Business & Sustainable Development Commission Discussion
A report by the Business & Sustainable Development Commission (whose commissioners include panelists Gavin Wilson, CEO of IFC Asset Management Company and Lise Kingo, CEO & Executive Director of the UN Global Compact) revealed that private capital and private businesses have the potential to unlock at least US$12 trillion in sustainable market opportunities by 2030. The report also claims that putting the UN’s Sustainable Development Goals (SDGs) to work could unleash monumental growth and productivity for private sector businesses.
Ms. Kingo suggested that if India (a US$1 trillion market opportunity for sustainable businesses) were to deliver on its SDG targets alone, the UN would be halfway to achieving its goals under the entire framework. Mr. Wilson cautioned that banking regulations are still impeding the flow of capital to development projects, creating a strain on the investment community but that by providing a database with consistent ESG standards for investment and utilizing blended finance, we can increase the bankability of projects. While the panelists agreed that measuring and benchmarking the impact of SDGs will be crucial for achieving these global goals, Sev Vettivetpillai, Managing Partner and Global Head of Impact Investing at The Abraaj Group, noted that private capital alone cannot achieve SDGs, but private sector partnerships with government and the society represent a meaningful pathway to progress.
Breakout Session: China
In the view of Yi Li, Partner at Lunar Capital, China’s economic development was unique. Though political stability is viewed as a prerequisite for economic growth, China’s leaders never imposed a one-size fits all policy, preferring a mixture of market-driven and government-led forces that protected some industries while subjecting others to competition. Ms. Li expressed optimism about the future of US-China relations, noting that the next generation of Chinese leaders had received a Western education and look at the US as a strong ally. Rob Petty, Managing Partner & Co-Founder of Clearwater Capital Partners, also highlighted the uniqueness of China’s five-year plan, which provides a source of stability in guiding economic development policy and investor expectations. Since it is a public document, the five-year plan acts as a powerful signal to investors, who have a fairly high degree of confidence in its execution. Mr. Petty also acknowledged the critical need for the development of a Chinese credit market but noted that government policy appears to be aligned with building a robust non-bank lending market in due time. In his view, the country has also developed a respected mechanism for enforcing legal documents, which further contributes to stability.
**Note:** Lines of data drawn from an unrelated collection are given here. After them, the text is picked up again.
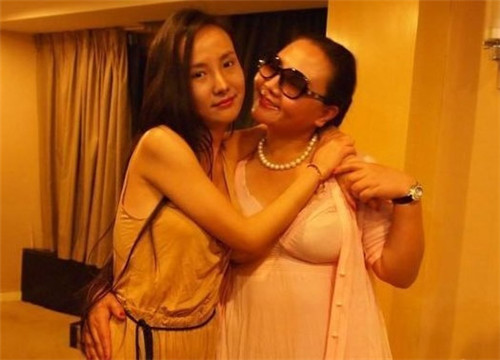 甘露露娘俩伺候一男子图片(4)(点击浏览下一张趣图)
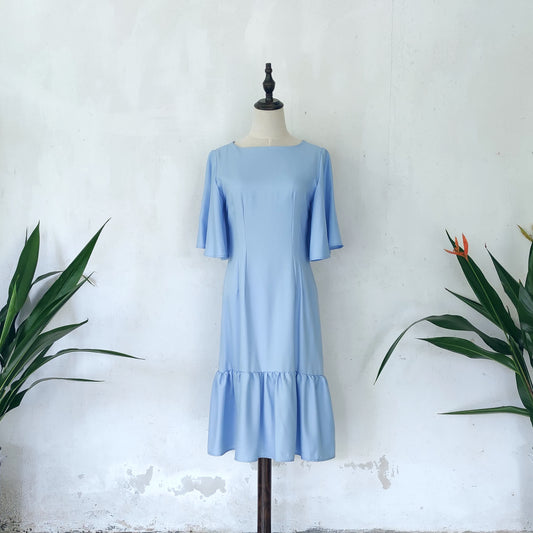 flutter sleeve midi dress | baby blue | posh affaires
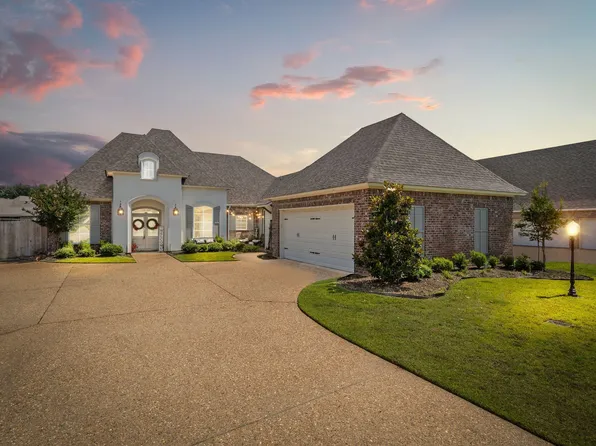 630 Dumaine Dr, Bossier City, LA 71111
Breakout Session: Latin America’s Rising Markets
Marco Peshiera, Managing Director and Head of Peru & Chile Buyout at the Carlyle Group, spoke about the favorable growth outlook within the Pacific Alliance thanks to favorable regulations, capital from private pension funds and low interest rates. Whereas investors used to approach investing in Latin America by concentrating their portfolios in certain countries, such as Brazil, regional flexibility will be important for protecting against economic and political risks going forward. Nick Rohatyn, CEO & CIO of The Rohatyn Group, suggested that both Mexico and Chile are facing critical moments in the political cycle in the near-future. In his view, Latin America PE investors need to be local to source the right investments but regional or global to achieve the best exits. Specifically, he pointed to opportunity in Argentina, whose reform programs are starting to create a favorable risk-reward trade off for investors even if many continue to stay away. Mr. Peshiera noted that Argentina still needs to put in place certain structural reforms, which include the creation of private pension funds and an independent central bank.
Breakout Session: Turkey
Leading investors in Turkey examined on-the-ground realities of investing in a market that could serve as the prime example of both the upside and downside of operating in emerging markets and generating outsized returns in them. The panelists discussed how recent devaluations have repressed both returns and margins; however, they cautioned that the image portrayed in the media of Turkey does not represent the full picture. Among the reasons why investors should take a closer look at this market, they highlighted reforms, such as R&D and investment incentives, established fund managers and lack of competition – the silver-lining of negative perceptions. The consumer sector, bolstered by a strong and substantial domestic market, was at the center of their case for Turkey. A. Murat Özgen, Chief Executive Officer of İş Private Equity highlighted the uptick the portfolio companies are seeing in 2017.
The panel cautioned that deals and relationships take time so fly-by investors are at a disadvantage to the local players and for similar reasons, co-investments, while welcomed, also face challenges requiring the right type of LP who can execute on them. Seymur Tari, Founder and Chief Financial Officer of Turkven Private Equity and Bariş Öney, Founder and Managing Partner of Globalturk Capital and Turkey Representative for EMPEA emphasized the growing significance of South-South (or EM-EM) investments taking place in Turkey and across other emerging markets, agreeing that it should not be overlooked or underestimated.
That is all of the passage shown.